» Try it:
Only the lines from the one that contains "Disagreeing Despite the" through the last line of the data below should be duplicated, exactly and without pictures.
*-*-*
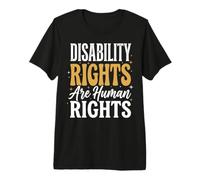 Disability Rights are Human Rights Premium T-Shirt
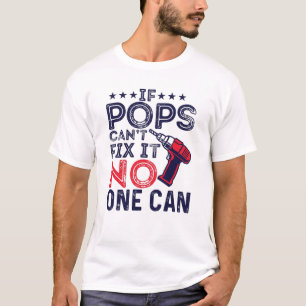 If Pops can't fix it no one can  T-Shirt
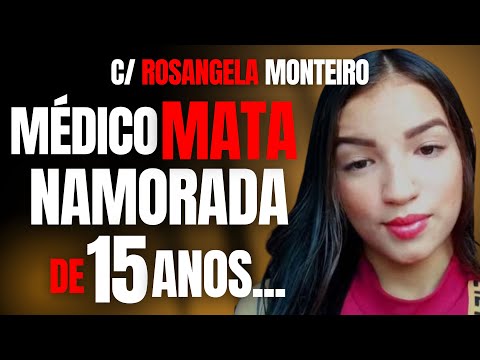 MÉDICO MATA NAMORADA DE 15 ANOS... - PAIXÃO ASSASSINA - C/ ROSANGELA MONTEIRO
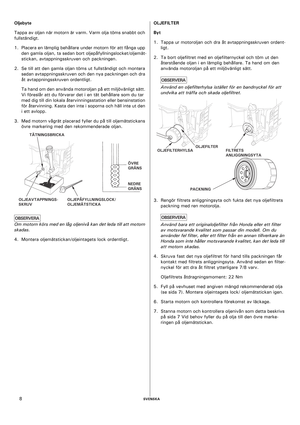 Page 8    SVENSKA8 Oljebyte 
Tappa av oljan när motorn är varm. Varm olja töms snabbt och 
fullständigt.
1. Placera en lämplig behållare under motorn för att fånga upp 
den gamla oljan, ta sedan bort oljepåfyllningslocket/oljemät-
stickan, avtappningsskruven och packningen.
2. Se till att den gamla oljan töms ut fullständigt och montera 
sedan avtappningsskruven och den nya packningen och dra 
åt avtappningsskruven ordentligt.
Ta hand om den använda motoroljan på ett miljövänligt sätt. 
Vi föreslår att du...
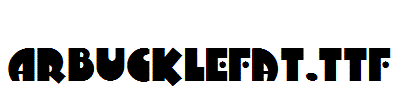 ArbuckleFat.TTF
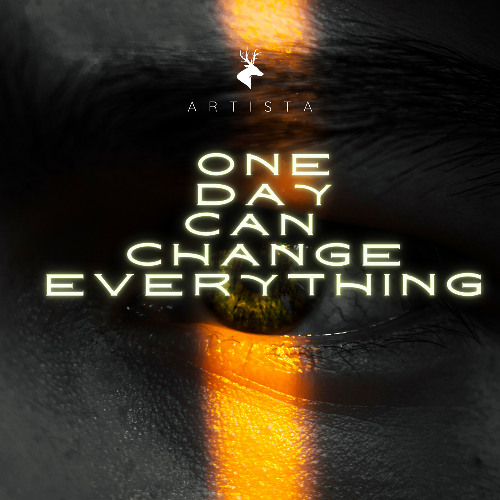 One day can change everything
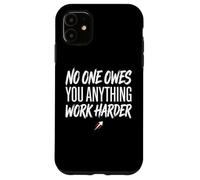 No One Owes You Anything Work Harder Ethic Motivation Coque pour iPhone 11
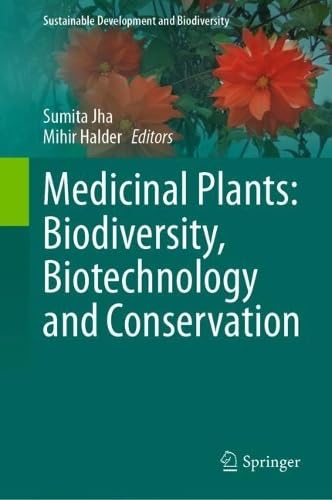 Medicinal Plants Biodiversity, Biotechnology and Conservation (EPUB)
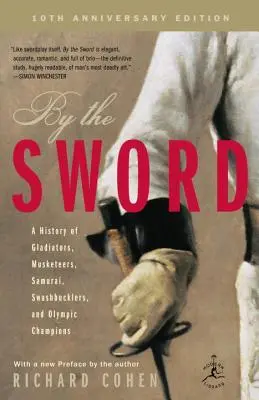 Prin sabie: O istorie a gladiatorilor, muschetarilor, samurailor, spadasinilor și campionilor olimpici; Ediția a 10-a aniversară - By the Sword: A History of Gladiators, Musketeers, Samurai, Swashbucklers, and Olympic Champions; 10th Anniversary Edition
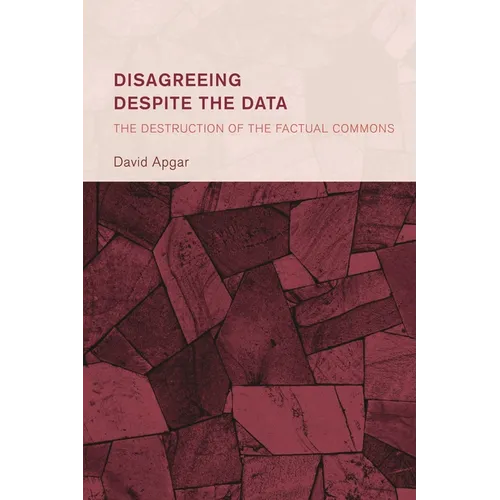 Disagreeing Despite the Data: The Destruction of the Factual Commons - Hardcover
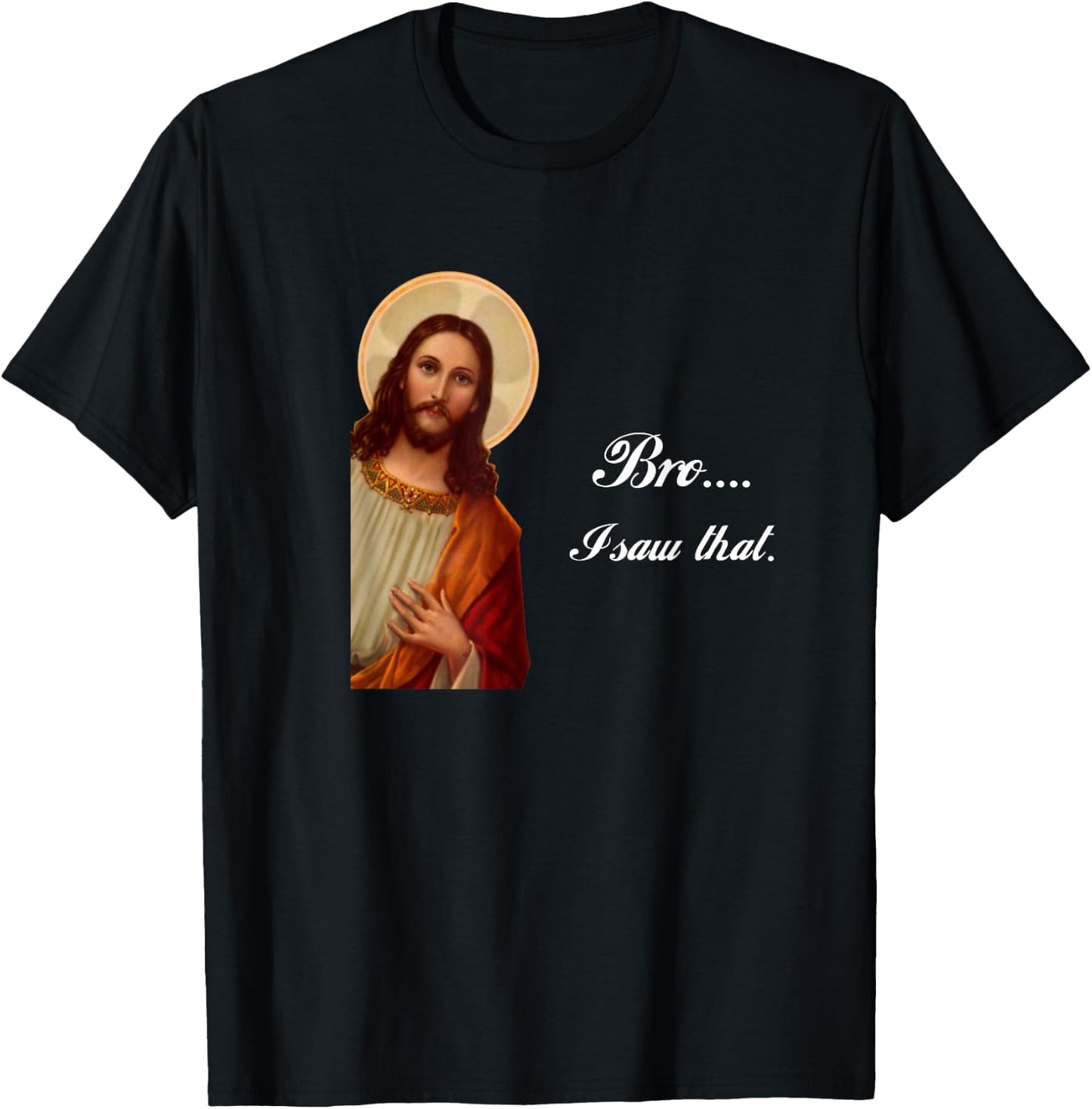 Funny Jesus Christ Bro I saw that Meme for awkward moments T-Shirt - T-Shirt | Black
*-*-*
» Expected answer:
 Disagreeing Despite the Data: The Destruction of the Factual Commons - Hardcover
 Funny Jesus Christ Bro I saw that Meme for awkward moments T-Shirt - T-Shirt | Black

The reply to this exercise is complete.